With endless parties and family functions, December’s holiday season may feel like a month of non-stop indulgence. That’s why some follow it with “dry January,” a month of sobriety to compensate for a month of excess.
But what’s been lauded by some as a liver-detoxing tradition has at least one expert cautioning dry January participants.
For Rick Dubras, executive director of Richmond Addiction Services Society, dry January has become a bit of a “phenomenon.” The trend was started in England in 2013 by Alcohol Concern – now Alcohol Change UK. Dubras says there are certainly benefits to completely abstaining from alcohol for a month, but there could be drawbacks as well.
“If we go into a place of absolute restriction…a binge-abstinence cycle…can sort of play out with this idea of a dry January,” Dubras said, adding that cycle can be “just as damaging.”
“If everyone is binging all the time and then takes a month off and then is expecting to binge again in February, there’s obviously harm in that.”
Dubras added that for those living with an addiction to alcohol, participating in dry January is not recommended.
“When we meet people who speak about heavy, daily or routine alcohol use, we generally don’t talk about going cold turkey,” he said. “Dry January is not really focused on people with addiction. Dry January is focused on the average Canadian who may have taken on too much during Christmas time.”
One international student in Richmond wasn’t convinced to try the trend.
“I just like to hang out with my friends during the weekend, drink some beers and have fun,” Mark Fan told the News. “I don’t really see the harm of (drinking) so I don’t really want to stop it.
“The only negative effect is that I’ve been gaining some weight,” he added.
However, what dry January can offer is an opportunity to consider how and when one drinks.
“We use alcohol for numerous reasons so taking on a dry January can be a perfect opportunity to look into and understand that relationship with alcohol,” Dubras said. “If we realize that alcohol is serving a purpose in our life, then perhaps there’s an alternative way of coping with that experience rather than always turning to a beer.”
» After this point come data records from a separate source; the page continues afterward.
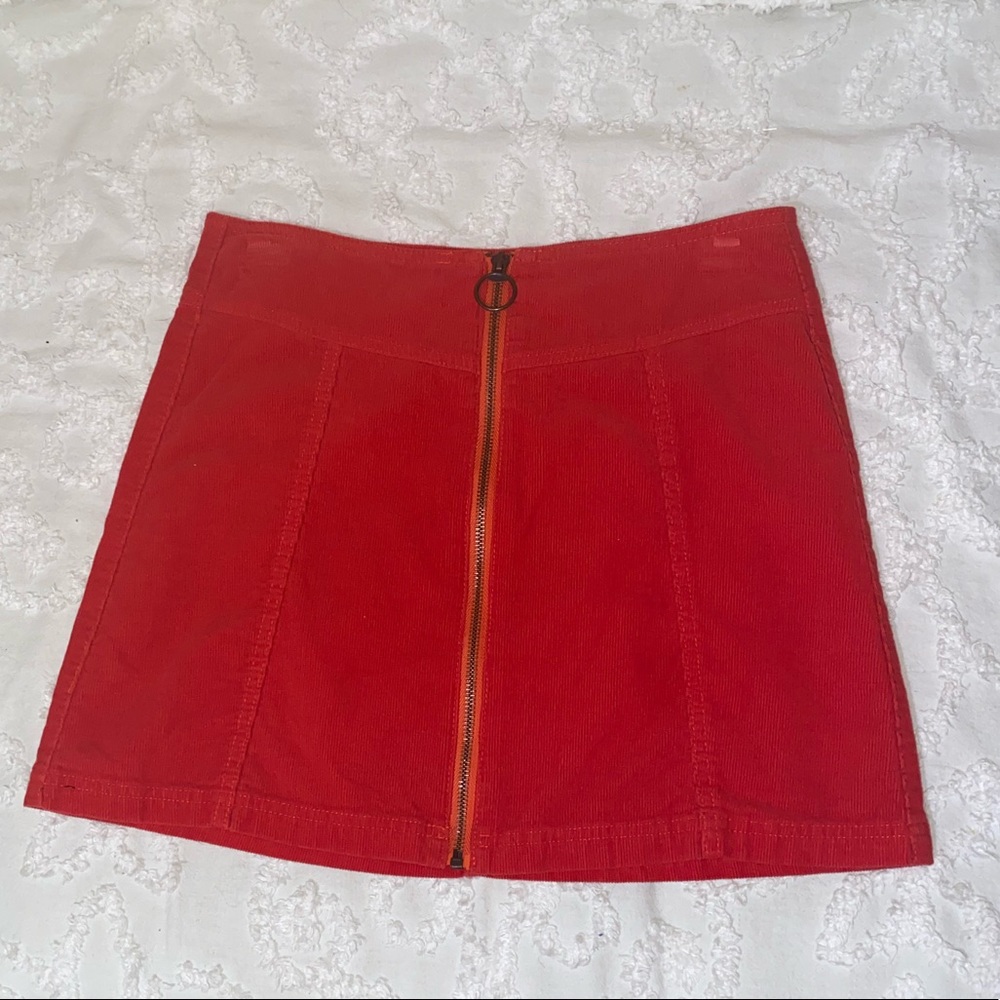 Red Corduroy Zipper Skirt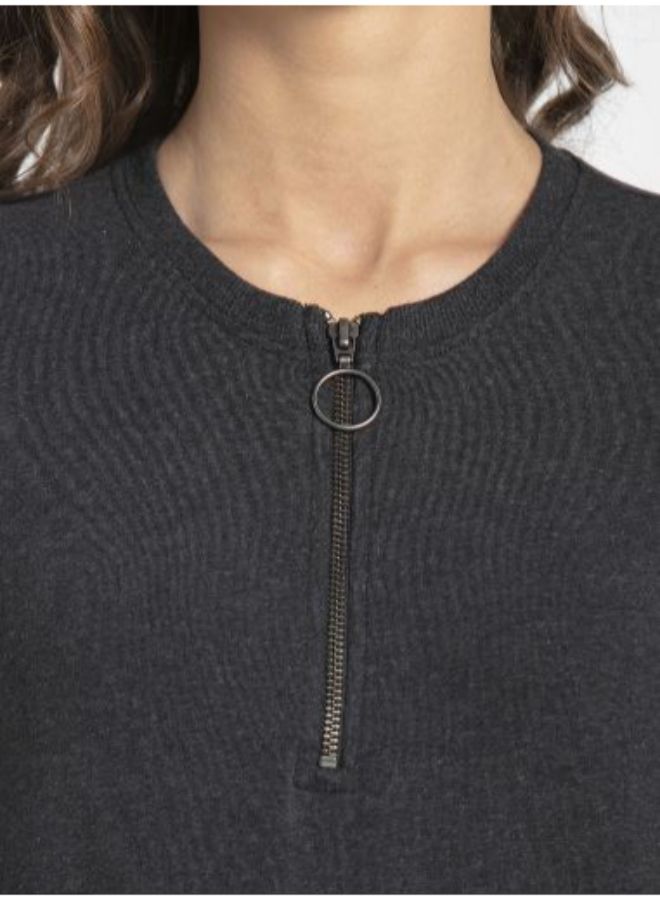 JOCKEY Front Zip Sweatshirt Black - Image 3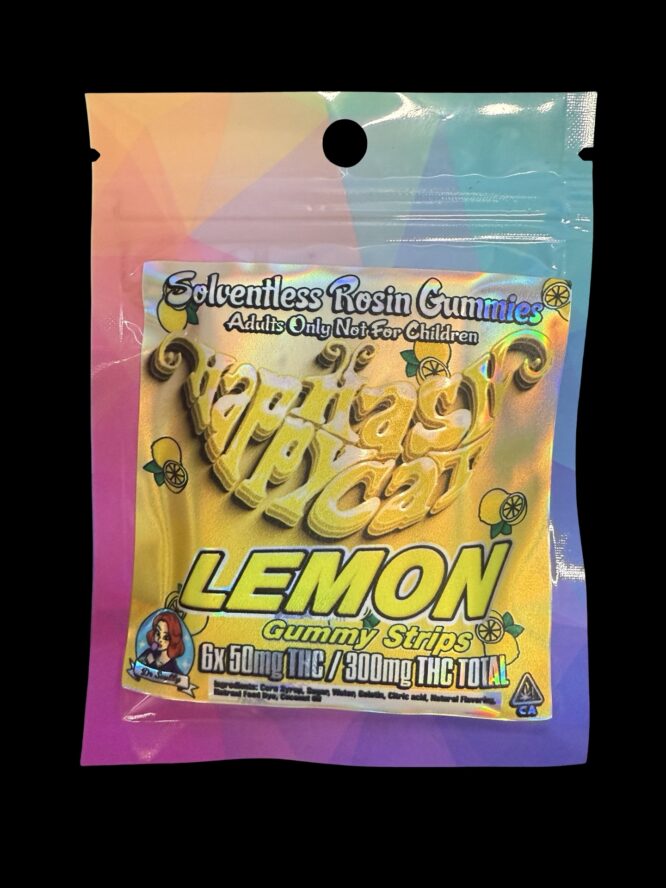Happy HashCat - Lemon Solventless Rosin Gummies 300mg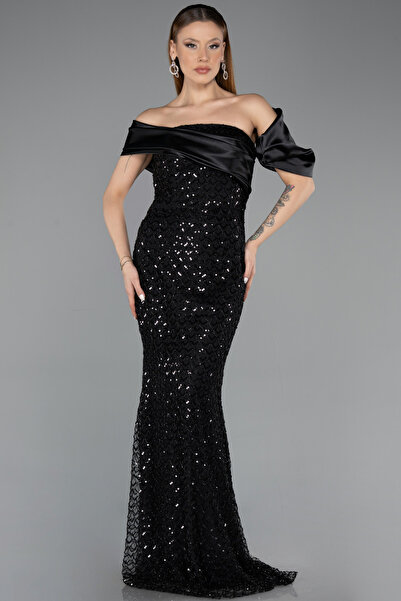 Abiyefon Siyah Omuz Dekolteli Uzun Pullu Balık Abiye ABU5529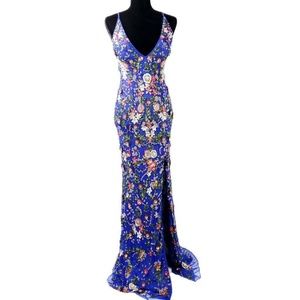 Primavera Womens Formal Dress Blue Floral Sequined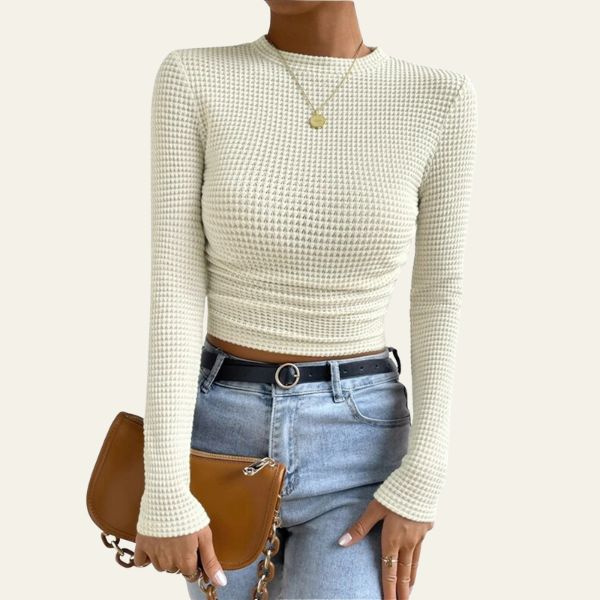 The Delancey Textured Long-Sleeve Fitted Top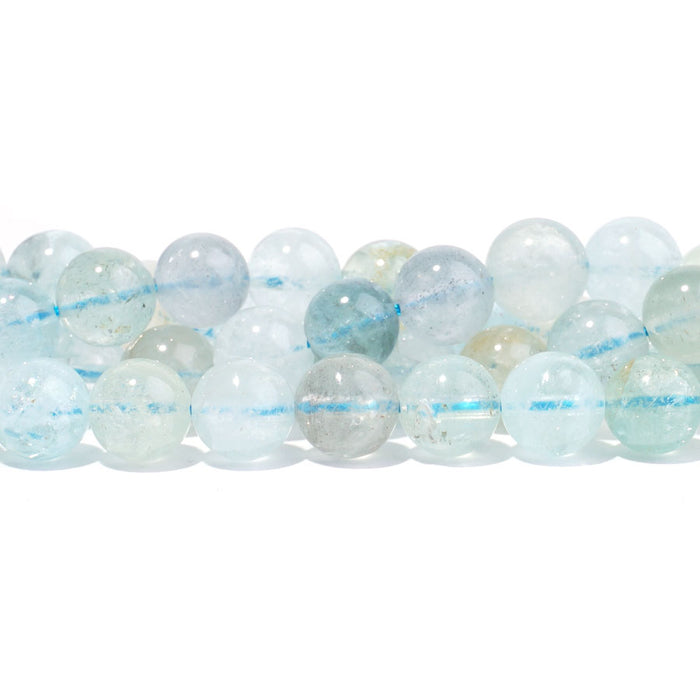 Aquamarine Multi Natural 8mm Round AA Grade - 15-16 Inch - CLEARANCE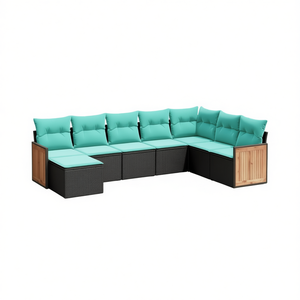 Ensemble de canapés de jardin en rotin noir avec pieds réglables, mobilier d'extérieur au design contemporain, ensemble de jardin 6 places - Product Image 1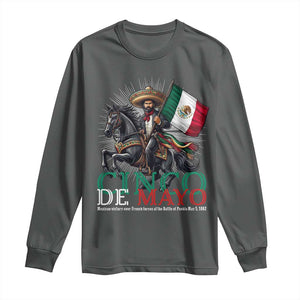 Cinco De Mayo Battle Of Puebla Long Sleeve Shirt Historical Mexican Heritage TS12 Dark Heather Print Your Wear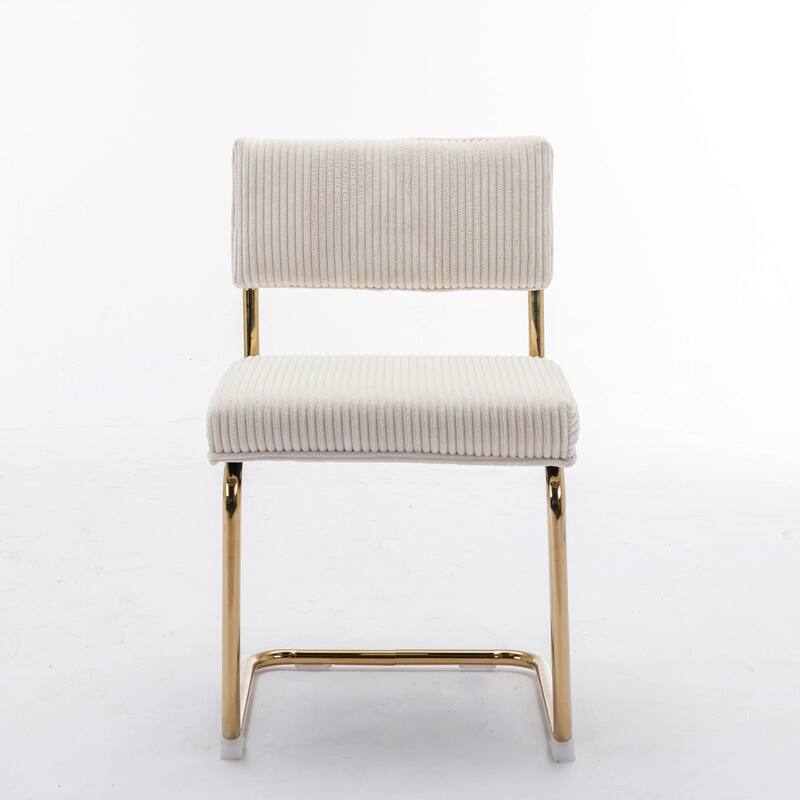 Modern Corduroy Dining Chairs - Gold Metal Base - Armless - Channel Tufting - Set of 2 - Beige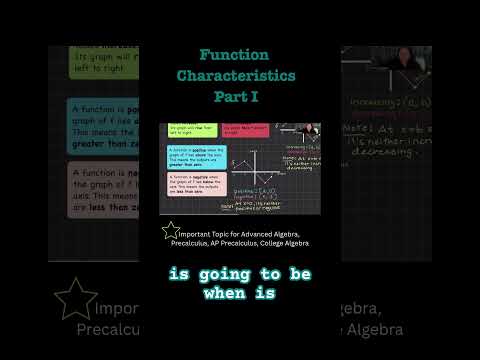 Function characteristics part I #PreCalculus #CollegeAlgebra #APPreCalculus #AdvancedAlgebra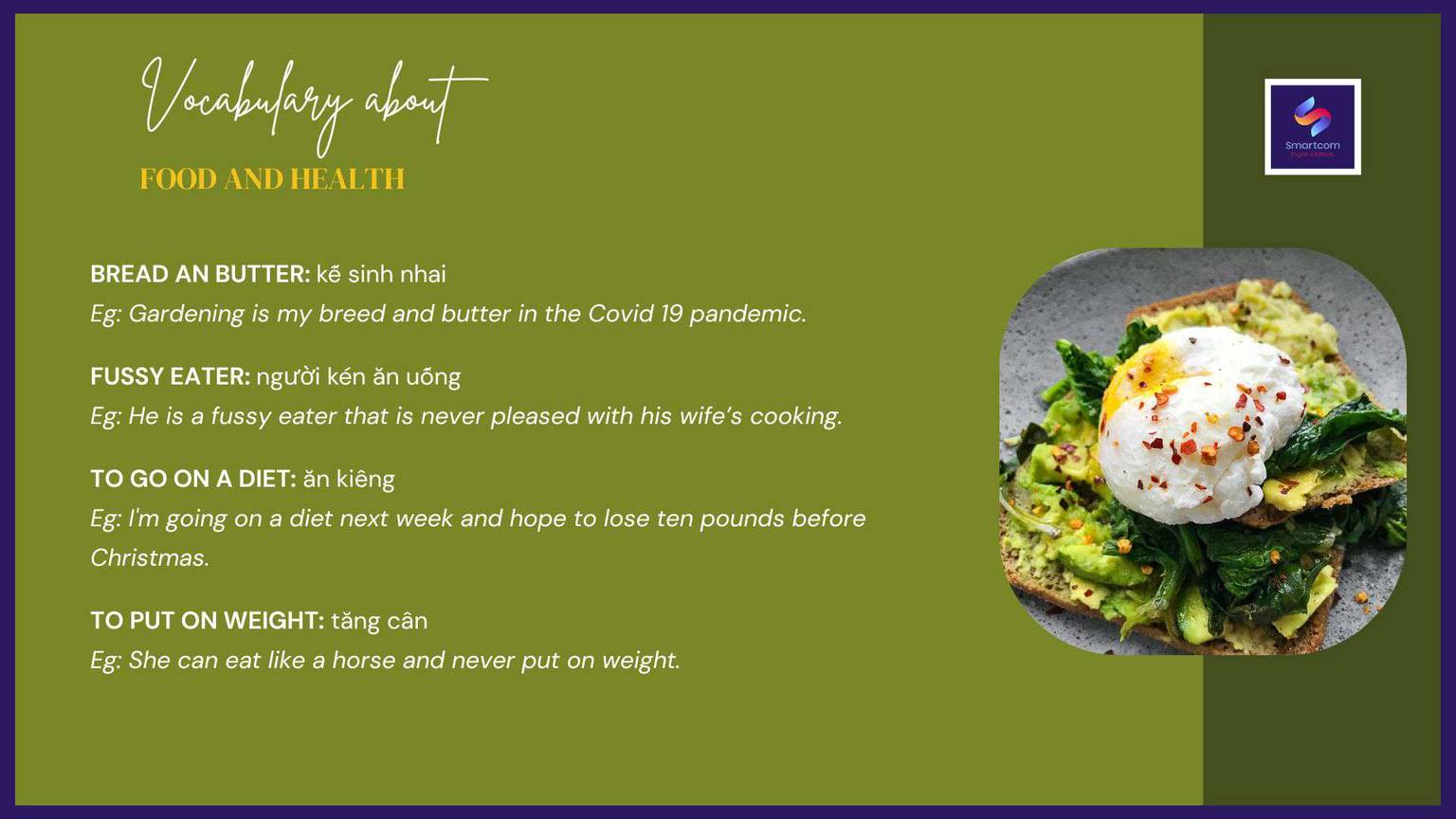 vocabulary food and health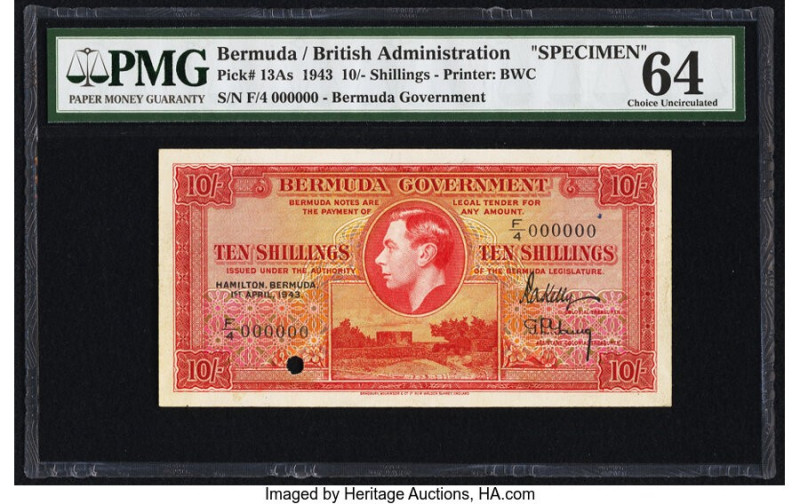 Bermuda Bermuda Government 10 Shillings 1.4.1943 Pick 13As Specimen PMG Choice U...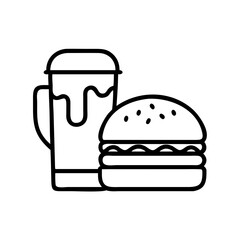 food pairing burger and beer icon, food pairing burger and beer line art - simple line art of food pairing burger and beer, perfect for food pairing burger and beer logos and icons and themed design
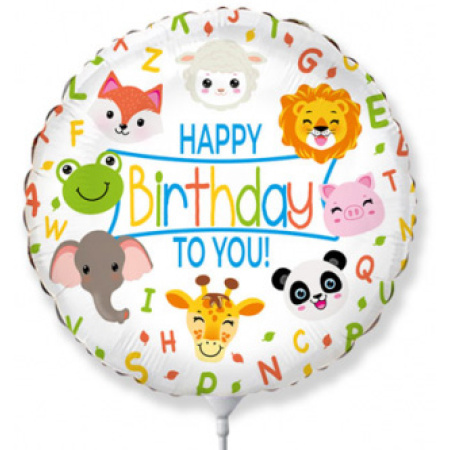 Fóliový balón Happy Birthday zvieratká, 35cm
Dubras added it’s about then taking this information to build new habits such as getting exercise or finding other ways to relieve stress and cope with emotions.
“If we’re looking for change, that’s talking about recovery. In order to be in recovery, we need support,” he said, pointing out that support can come from family, friends, colleagues, peers or even an online network.
Melanie Ware, who is a paralegal and doesn’t drink throughout the year, echoed Dubras’ thoughts, saying dry January could help reshape routines.
“Sometimes you don’t realize what your habits (are)…drinking is one form of buffering, of putting something between you and your emotions or things that are happening in your life,” Ware said. “Doing a dry January is definitely a step towards positive change.”